What a topsy turvy week it's been. Perfect couple Beyonce and Jay Z are now models of dysfunction. The flagship indoctrination station of the left wing liberal media fires its first female executive editor. Cats are attacking dogs. And now, the US Military takes the lead on an important issue of women's rights. Is this real life?
According to the Air Force Times, a pilot (heh) program will allow airmen (a gender neutral term) to "separate from the Air Force" for up to three years in order to start their families, and then return to the service once their kid's big enough to not shit itself if left alone for five minutes. The program will launch (again, heh) later this year and will affect a small number of airmen before, hopefully, expanding to the general population of the Air Force.

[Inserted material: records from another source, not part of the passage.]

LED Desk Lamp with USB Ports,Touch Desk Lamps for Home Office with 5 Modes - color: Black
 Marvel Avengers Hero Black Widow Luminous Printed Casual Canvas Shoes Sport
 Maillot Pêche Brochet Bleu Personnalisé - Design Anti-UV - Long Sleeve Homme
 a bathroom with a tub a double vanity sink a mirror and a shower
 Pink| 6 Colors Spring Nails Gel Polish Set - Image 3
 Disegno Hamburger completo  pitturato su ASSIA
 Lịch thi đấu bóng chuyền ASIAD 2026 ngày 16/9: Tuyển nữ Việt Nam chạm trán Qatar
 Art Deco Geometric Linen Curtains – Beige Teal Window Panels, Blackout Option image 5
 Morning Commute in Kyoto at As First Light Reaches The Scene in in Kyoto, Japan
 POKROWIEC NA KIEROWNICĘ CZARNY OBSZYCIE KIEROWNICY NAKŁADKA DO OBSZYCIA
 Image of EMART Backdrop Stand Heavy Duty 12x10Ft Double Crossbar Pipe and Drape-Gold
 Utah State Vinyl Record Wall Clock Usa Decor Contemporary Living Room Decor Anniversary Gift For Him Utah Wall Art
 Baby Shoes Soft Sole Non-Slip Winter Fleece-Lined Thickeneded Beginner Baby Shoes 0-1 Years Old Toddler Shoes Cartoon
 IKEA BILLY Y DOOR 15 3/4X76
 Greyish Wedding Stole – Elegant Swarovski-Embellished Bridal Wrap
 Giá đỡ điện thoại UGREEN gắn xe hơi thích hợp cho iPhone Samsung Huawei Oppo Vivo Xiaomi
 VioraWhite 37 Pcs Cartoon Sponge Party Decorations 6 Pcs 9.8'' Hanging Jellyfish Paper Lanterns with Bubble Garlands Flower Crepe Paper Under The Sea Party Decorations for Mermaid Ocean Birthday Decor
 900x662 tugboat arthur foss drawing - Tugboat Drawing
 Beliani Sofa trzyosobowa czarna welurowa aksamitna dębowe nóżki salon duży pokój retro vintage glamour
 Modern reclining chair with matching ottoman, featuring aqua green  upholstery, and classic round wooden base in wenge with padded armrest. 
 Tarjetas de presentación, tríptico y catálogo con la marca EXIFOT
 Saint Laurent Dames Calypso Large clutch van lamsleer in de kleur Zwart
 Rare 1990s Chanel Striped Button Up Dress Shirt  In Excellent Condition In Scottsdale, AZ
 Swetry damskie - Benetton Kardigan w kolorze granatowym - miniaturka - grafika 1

The program owes its existence to observed necessity, according to the AFT,
"Some women leave the Air Force because they want to start a family," [Air Force personnel chief Lt. Gen. Samuel] Cox said. "So why don't we have a program that allows them, in some cases, to be able separate from the Air Force for a short period of time, get their family started, and then come back in?"
Cox used the example of a female airman who wanted to start a family to explain how such a program could help airmen, but the program would not only be for women. Air Force spokeswoman Rose Richeson said it would be open to both male and female airmen who want "to meet personal or professional needs outside the service while providing a mechanism for seamless return to active duty."
Individuals who opt to enroll in the one-and-done program wouldn't miss out on three years of advancement opportunities, either; "year groups" would reset once they returned so participants don't miss out on advancement opportunities, in essence putting a bookmark in their careers rather than having to start all over again at page one.
But let's not all run screaming to enlist; at its inception, the Career Intermission Pilot Program will first only cover 20 officers and 20 non-officers pegged by superiors as having "high potential" in the Air Force. However, if all goes well, the program will expand to more airmen.